» **REQUIRED WORK**: For the entries below, print exactly the lines between the line holding "Paul002.jpg" and the line holding "skoda, scala, hatchback", inclusive, and nothing else.

» **RECORDED DATA**:
++++++++++++++++++++
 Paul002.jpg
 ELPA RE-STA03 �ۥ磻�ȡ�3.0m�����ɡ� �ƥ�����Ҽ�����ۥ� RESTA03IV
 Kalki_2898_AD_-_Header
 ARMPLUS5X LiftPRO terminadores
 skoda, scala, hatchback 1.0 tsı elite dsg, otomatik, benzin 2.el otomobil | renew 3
++++++++++++++++++++
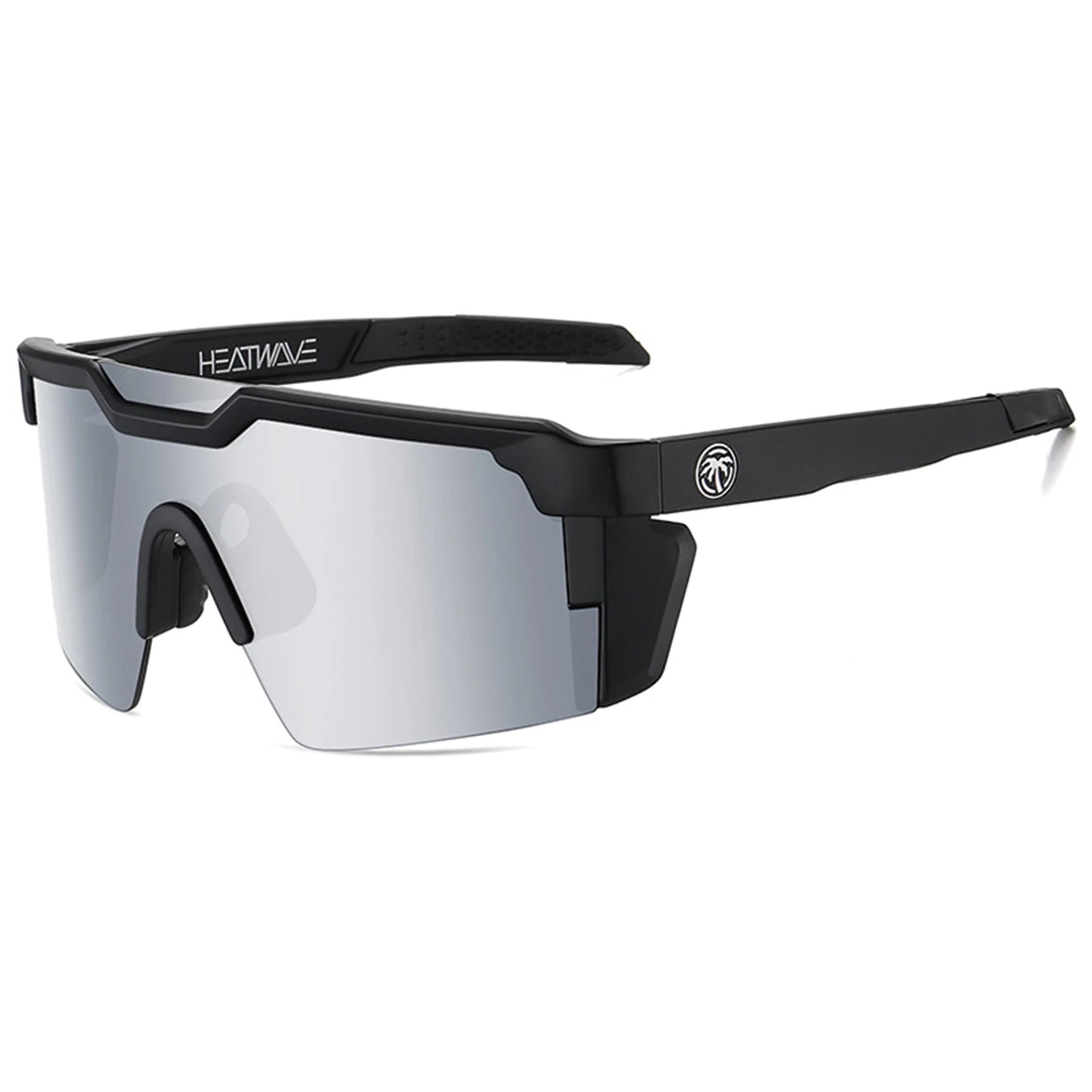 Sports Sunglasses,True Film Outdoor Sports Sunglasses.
++++++++++++++++++++
» **SOLUTION FOR THIS PROBLEM**:
 Paul002.jpg
 ELPA RE-STA03 �ۥ磻�ȡ�3.0m�����ɡ� �ƥ�����Ҽ�����ۥ� RESTA03IV
 Kalki_2898_AD_-_Header
 ARMPLUS5X LiftPRO terminadores
 skoda, scala, hatchback 1.0 tsı elite dsg, otomatik, benzin 2.el otomobil | renew 3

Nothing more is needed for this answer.